WORK TO BE COMPLETED
Send back the line that contains "Pui pisica bengaleza/Bengal cat" and all lines following it through the end of the data below, exactly, omitting pictures.

DATA PROVIDED
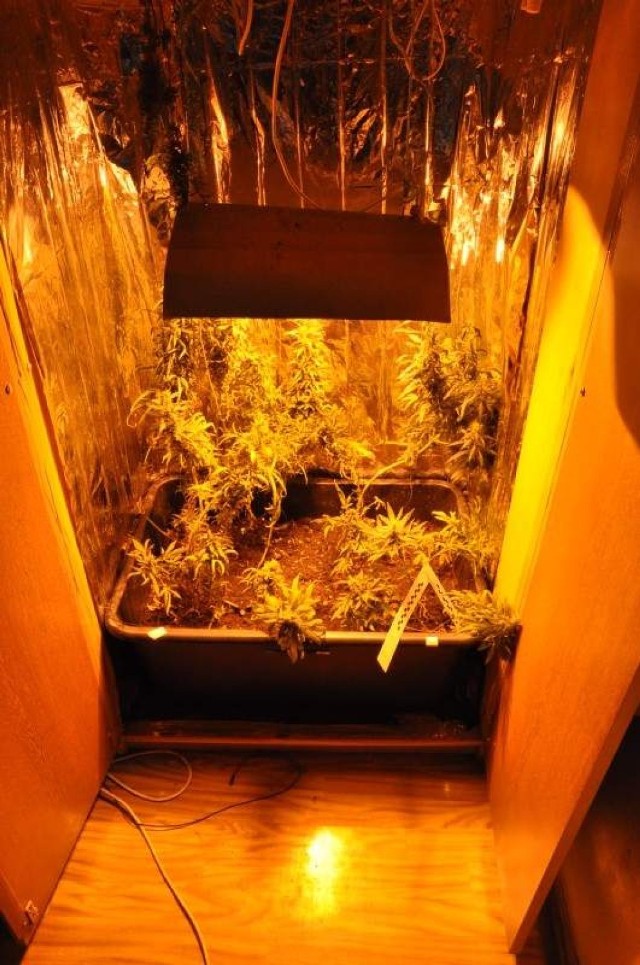 Policjanci znaleźli plantację marihuany w jednym z mieszkań na ...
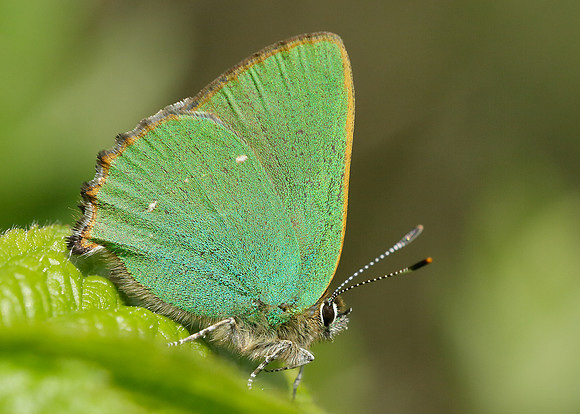 Green Hairstreak Callophrys rubi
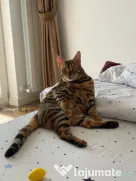 Pui pisica bengaleza/Bengal cat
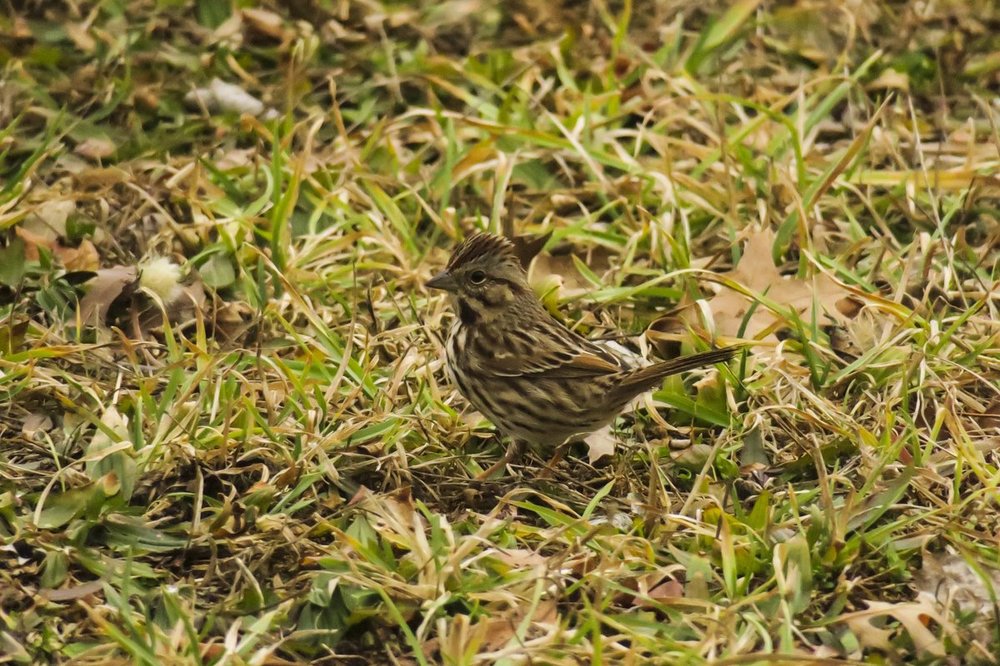 Song Sparrow.jpg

THE COMPLETED TASK
 Pui pisica bengaleza/Bengal cat
 Song Sparrow.jpg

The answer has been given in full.